BANDUNG – Produk makanan yang mengandung zat kimia berbahaya seperti mi berformalin, disinyalir masih banyak beredar di Jawa Barat.
Produk-produk itu kebanyakan dijual di pasar tradisional yang pengawasan peredarannya tidak seketat di pasar modern. Maka konsumen diminta selalu berhati-hati memilih produk makanan.
Apalagi, upaya sosialisasi yang dilakukan selama ini belum berhasil mencegah konsumen supaya tidak membeli produk makanan yang mengandung zat kimia berbahaya.
Demikian rangkuman pernyataan Kepala Dinas Perindustrian dan Perdagangan (Indag) Jabar, Ferry Sofwan, serta Kepala Bidang Sertifikasi, Layanan, dan Informasi Konsumen Balai Besar Pengawasan Obat dan Makanan (BBPOM) Bandung, Ujang Supriatna, ketika dihubungi SH di Bandung, Rabu (24/8).
Penjelasan itu dikemukakan untuk menanggapi ditemukannya mi berformalin oleh Menteri Perdagangan, Mari Elka Pangestu, saat berkunjung di Pasar Tradisional Kosambi, Bandung, Rabu pagi.
Dalam inspeksi mendadak (sidak) itu Menteri Perdagangan menemukan tiga jenis makanan yang mengandung formalin dan pewarna buatan. Ketiga makanan yang berbahaya sehingga tidak layak konsumsi itu adalah mi basah, terasi, dan kerupuk. Dalam temuan itu, mi basah ada formalinnya, sedangkan terasi dan kerupuk mengandung rhodamin atau pewarna merah.
“Kemungkinan besar masih ada produk makanan yang mengandung zat kimia berbahaya seperti formalin dan rhodamin yang dijual, terutama di pasar tradisional,” ungkap Ferry. Tim Dinas Indag Jabar telah melakukan sidak ke beberapa pasar tradisional di Kota Bandung.

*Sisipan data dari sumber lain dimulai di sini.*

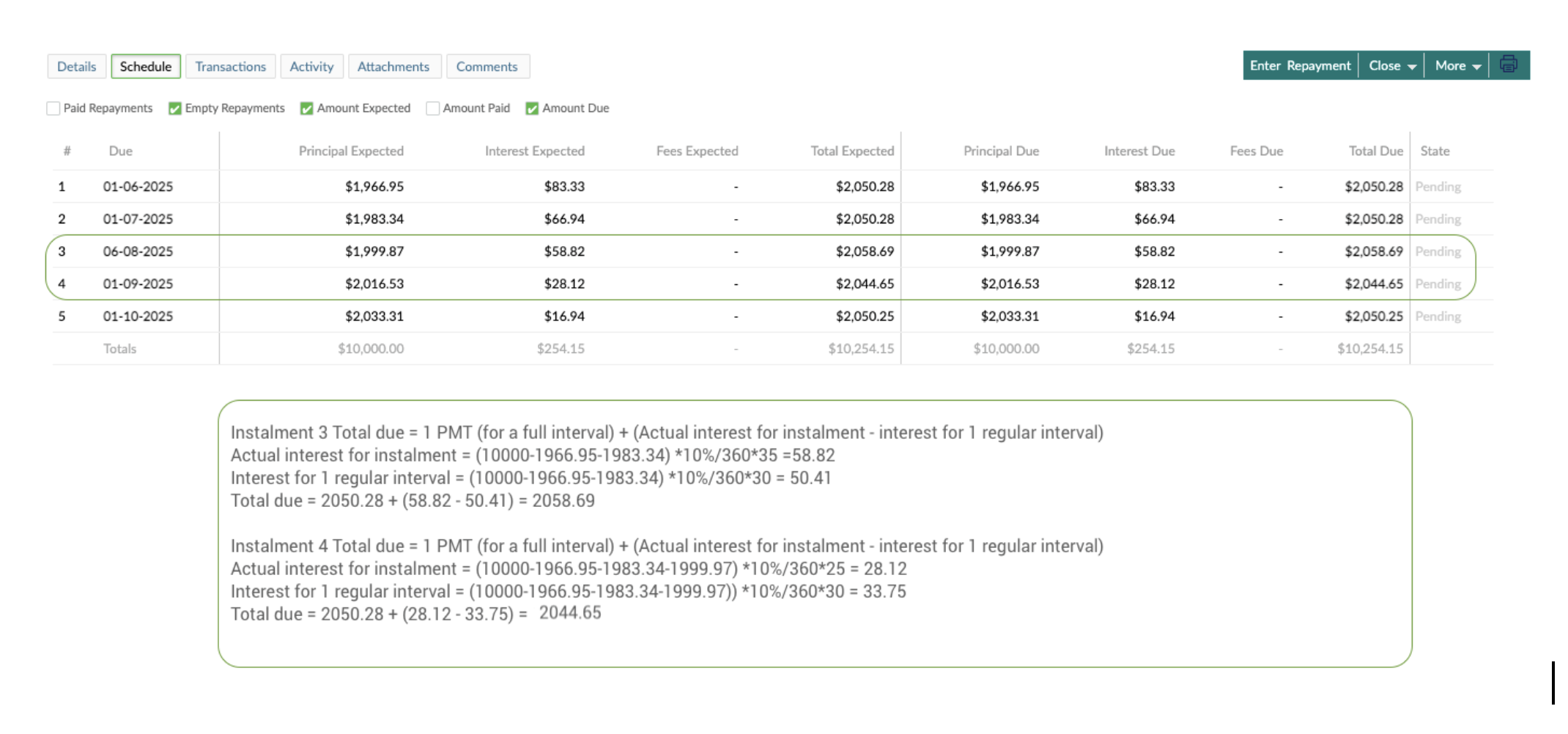 broken interest installment due dates edited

Hasilnya, tim menemukan ada produk makanan nugget yang mengandung zat pengawet di Pasar Andir. Kemudian, ada produk makanan lain yang memiliki kandungan zat pewarna (rhodamin) yang tinggi yang seharusnya tidak dikonsumsi manusia.

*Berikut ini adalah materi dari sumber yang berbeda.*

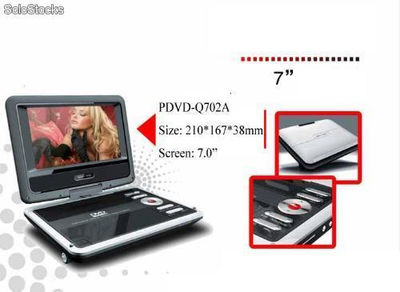 7&amp;quot;reproductor portátil de DVD con función TV, puerto USB,3-en-1 lector de tarje - Foto 2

Menurut Ferry, pengawasan di pasar tradisional memang tidak seketat di pasar atau toko modern. Di pasar tradisional persyaratan makanan yang dijual harus lolos uji Badan POM tidak berlaku dengan seharusnya.
Inilah yang membuat makanan yang mengandung zat berbahaya mudah dijual bebas di pasar tradisional, berbeda dengan pasar atau toko modern yang lebih selektif menjual produk makanannya.

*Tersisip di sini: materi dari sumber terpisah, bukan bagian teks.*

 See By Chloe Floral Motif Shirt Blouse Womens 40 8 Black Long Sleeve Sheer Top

Terhadap temuan makanan berbahaya di Pasar Kosambi Bandung, Ferry telah meminta jajaran terkait untuk melacak produsennya. Produsen itu jelas melanggar Undang-Undang Perlindungan Konsumen sehingga harus diproses hukum.
“Untuk melacak siapa produsennya memang agak sulit,” kata Ferry. Penyebabnya, di label tidak tercantum alamat produsen maupun nomor register yang terdaftar di Dinas Indag Jabar.
Hal yang sama dikatakan Ujang Supriatna. Menurut Ujang, tindakan hukum diperlukan agar ada efek jera bagi produsen makanan yang nakal.
Ujang mengatakan, secara berkala BBPOM Bandung senantiasa memantau produk makanan yang dijual di pasar umum. Biasanya makanan dengan kandungan zat berbahaya merupakan produk makanan yang tidak dijual dalam jangka waktu lama serta laku di pasaran.
“Kami telah melakukan sosialisasi ke masyarakat supaya bisa mengetahui ciri-ciri produk makanan yang mengandung zat berbahaya,” tambah Ujang. Sosialisasi bahkan dilakukan di sekolah-sekolah dengan melibatkan guru dan pelajar.
Ujang menjelaskan, makanan yang mengandung zat berbahaya dapat diketahui dari ciri-ciri fisiknya. Misalkan, mi berformalin lebih kenyal, sedangkan makanan yang memiliki kandungan rhodamin biasanya berwarna lebih terang. Melalui ciri-ciri fisik itulah konsumen diimbau untuk lebih berhati-hati dalam membeli produk makanan.